### WORK INSTRUCTIONS
Locate each line below that includes "Benz" and reproduce it.

### DATASET RECORDS

"""

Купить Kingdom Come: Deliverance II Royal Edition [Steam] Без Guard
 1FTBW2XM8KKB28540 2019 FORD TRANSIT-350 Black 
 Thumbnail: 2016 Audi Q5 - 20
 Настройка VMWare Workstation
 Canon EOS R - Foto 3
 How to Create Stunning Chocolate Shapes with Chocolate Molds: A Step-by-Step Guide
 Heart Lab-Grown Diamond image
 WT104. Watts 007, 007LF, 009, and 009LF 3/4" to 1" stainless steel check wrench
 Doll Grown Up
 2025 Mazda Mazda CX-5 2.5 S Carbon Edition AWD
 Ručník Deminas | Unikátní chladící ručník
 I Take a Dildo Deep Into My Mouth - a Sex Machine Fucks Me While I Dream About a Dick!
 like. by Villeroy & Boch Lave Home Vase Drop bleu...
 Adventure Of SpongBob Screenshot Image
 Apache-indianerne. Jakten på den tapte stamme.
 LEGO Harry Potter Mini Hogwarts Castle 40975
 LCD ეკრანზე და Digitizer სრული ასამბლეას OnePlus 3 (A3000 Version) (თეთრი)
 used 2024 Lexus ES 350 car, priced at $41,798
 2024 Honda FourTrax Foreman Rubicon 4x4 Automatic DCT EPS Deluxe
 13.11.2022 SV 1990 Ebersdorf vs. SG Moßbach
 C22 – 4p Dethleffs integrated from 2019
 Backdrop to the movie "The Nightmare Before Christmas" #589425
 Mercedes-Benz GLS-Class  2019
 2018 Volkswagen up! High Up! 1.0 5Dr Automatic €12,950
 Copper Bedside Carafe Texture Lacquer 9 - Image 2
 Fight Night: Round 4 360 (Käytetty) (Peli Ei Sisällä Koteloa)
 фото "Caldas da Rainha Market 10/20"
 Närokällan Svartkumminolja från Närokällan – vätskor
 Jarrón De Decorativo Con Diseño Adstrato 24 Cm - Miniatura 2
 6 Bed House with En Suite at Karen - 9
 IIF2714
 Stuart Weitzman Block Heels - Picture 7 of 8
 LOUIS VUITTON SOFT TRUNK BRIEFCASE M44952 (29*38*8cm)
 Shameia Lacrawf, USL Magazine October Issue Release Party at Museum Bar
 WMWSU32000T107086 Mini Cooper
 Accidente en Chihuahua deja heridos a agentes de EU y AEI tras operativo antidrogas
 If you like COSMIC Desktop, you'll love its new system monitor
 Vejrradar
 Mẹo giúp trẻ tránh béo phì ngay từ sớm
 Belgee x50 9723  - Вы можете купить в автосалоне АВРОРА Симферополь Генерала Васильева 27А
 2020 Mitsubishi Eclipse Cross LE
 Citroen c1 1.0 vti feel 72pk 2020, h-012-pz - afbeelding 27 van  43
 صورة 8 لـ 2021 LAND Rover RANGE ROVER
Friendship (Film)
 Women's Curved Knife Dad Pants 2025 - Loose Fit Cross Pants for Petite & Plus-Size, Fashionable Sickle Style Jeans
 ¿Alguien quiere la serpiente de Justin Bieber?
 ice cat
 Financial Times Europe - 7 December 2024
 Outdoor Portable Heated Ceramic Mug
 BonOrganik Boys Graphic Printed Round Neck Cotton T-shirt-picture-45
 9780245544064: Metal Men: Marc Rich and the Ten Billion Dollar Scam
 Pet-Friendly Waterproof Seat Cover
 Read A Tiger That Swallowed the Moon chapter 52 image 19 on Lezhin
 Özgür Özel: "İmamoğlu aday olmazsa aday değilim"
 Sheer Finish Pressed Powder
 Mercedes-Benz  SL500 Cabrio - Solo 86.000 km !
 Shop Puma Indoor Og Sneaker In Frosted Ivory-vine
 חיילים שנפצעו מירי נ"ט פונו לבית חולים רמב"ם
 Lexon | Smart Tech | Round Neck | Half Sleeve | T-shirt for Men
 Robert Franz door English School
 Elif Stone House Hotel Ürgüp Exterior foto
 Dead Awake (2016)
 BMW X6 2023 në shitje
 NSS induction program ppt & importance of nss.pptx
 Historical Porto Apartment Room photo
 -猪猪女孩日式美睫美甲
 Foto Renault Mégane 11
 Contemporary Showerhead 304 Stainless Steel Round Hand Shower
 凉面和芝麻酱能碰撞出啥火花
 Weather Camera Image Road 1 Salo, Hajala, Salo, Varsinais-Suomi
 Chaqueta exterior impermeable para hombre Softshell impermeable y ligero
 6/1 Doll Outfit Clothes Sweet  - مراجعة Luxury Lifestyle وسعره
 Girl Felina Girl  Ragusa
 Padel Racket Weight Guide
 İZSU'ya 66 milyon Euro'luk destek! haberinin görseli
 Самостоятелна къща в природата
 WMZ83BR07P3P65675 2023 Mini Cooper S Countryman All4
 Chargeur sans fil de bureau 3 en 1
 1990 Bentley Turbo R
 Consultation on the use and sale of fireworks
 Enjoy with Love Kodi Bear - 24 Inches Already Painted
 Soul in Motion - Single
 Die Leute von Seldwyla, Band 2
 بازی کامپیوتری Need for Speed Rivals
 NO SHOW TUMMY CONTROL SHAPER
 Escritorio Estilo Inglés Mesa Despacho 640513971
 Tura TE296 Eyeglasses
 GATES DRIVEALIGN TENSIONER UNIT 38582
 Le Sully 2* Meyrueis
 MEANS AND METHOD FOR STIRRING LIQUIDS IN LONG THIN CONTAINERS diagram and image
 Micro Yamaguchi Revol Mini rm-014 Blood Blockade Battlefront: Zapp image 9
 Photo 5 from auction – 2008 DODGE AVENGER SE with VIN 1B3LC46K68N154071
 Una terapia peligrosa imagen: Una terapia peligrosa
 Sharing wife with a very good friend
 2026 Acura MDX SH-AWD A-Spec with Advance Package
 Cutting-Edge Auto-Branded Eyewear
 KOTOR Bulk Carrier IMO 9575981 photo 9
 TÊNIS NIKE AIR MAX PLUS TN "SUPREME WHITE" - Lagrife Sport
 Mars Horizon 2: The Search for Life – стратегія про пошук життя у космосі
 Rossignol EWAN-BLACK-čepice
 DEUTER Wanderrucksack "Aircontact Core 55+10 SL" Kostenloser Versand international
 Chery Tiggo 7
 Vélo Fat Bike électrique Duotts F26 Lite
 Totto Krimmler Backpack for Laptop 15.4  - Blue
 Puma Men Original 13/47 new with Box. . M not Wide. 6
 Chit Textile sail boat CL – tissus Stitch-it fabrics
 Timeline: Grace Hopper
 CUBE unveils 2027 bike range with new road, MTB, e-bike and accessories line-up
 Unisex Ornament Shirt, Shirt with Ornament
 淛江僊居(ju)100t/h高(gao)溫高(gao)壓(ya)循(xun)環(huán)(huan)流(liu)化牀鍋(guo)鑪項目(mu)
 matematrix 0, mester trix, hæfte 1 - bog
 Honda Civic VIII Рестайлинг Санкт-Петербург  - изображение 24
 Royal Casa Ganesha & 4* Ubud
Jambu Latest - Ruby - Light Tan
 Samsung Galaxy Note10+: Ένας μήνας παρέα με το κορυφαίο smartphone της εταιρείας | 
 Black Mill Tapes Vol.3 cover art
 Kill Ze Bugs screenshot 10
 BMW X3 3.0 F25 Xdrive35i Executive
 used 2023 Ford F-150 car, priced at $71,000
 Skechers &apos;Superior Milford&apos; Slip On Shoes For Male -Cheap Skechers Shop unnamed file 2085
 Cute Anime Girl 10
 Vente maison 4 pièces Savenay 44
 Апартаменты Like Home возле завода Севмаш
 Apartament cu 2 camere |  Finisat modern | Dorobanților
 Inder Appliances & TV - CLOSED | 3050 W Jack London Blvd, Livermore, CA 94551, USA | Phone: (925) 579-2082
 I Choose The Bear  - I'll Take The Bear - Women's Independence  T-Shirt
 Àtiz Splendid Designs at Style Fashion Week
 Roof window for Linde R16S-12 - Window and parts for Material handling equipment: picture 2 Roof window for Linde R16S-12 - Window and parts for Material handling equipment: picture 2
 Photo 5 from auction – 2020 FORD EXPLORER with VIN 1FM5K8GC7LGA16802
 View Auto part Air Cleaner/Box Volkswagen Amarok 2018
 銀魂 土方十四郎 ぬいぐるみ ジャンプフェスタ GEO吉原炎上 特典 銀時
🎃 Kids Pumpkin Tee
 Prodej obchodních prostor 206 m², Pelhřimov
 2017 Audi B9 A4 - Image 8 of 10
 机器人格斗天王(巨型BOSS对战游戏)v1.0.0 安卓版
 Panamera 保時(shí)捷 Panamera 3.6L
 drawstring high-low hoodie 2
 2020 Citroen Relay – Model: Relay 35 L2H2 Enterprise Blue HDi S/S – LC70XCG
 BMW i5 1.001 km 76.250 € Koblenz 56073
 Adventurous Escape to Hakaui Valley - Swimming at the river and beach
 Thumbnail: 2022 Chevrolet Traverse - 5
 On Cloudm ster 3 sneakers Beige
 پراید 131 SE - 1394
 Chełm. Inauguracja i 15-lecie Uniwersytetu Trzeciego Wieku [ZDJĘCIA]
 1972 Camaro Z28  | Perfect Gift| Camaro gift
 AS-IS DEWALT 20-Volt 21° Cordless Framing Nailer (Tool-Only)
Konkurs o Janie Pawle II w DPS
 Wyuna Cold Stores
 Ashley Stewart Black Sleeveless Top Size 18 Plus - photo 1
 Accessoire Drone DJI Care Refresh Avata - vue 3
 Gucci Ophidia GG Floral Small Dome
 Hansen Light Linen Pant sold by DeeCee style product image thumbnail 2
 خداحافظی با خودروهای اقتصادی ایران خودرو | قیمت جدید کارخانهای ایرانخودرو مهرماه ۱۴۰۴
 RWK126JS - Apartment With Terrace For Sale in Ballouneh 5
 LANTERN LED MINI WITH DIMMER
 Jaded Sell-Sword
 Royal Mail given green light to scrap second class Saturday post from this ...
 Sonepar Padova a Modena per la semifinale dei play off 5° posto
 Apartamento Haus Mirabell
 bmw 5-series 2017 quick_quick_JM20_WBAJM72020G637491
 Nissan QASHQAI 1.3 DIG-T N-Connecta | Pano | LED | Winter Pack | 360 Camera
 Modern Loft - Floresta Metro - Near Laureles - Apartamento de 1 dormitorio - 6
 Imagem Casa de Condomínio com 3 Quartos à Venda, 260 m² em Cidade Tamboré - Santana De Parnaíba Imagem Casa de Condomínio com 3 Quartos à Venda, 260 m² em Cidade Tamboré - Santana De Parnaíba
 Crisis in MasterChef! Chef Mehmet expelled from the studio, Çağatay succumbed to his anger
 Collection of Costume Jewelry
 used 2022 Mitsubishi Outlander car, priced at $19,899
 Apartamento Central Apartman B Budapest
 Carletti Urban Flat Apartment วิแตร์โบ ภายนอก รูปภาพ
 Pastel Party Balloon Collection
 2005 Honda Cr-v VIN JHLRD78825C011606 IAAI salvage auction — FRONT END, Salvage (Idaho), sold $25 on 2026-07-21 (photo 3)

"""

### TASK RESPONSE
 Mercedes-Benz GLS-Class  2019
 Mercedes-Benz  SL500 Cabrio - Solo 86.000 km !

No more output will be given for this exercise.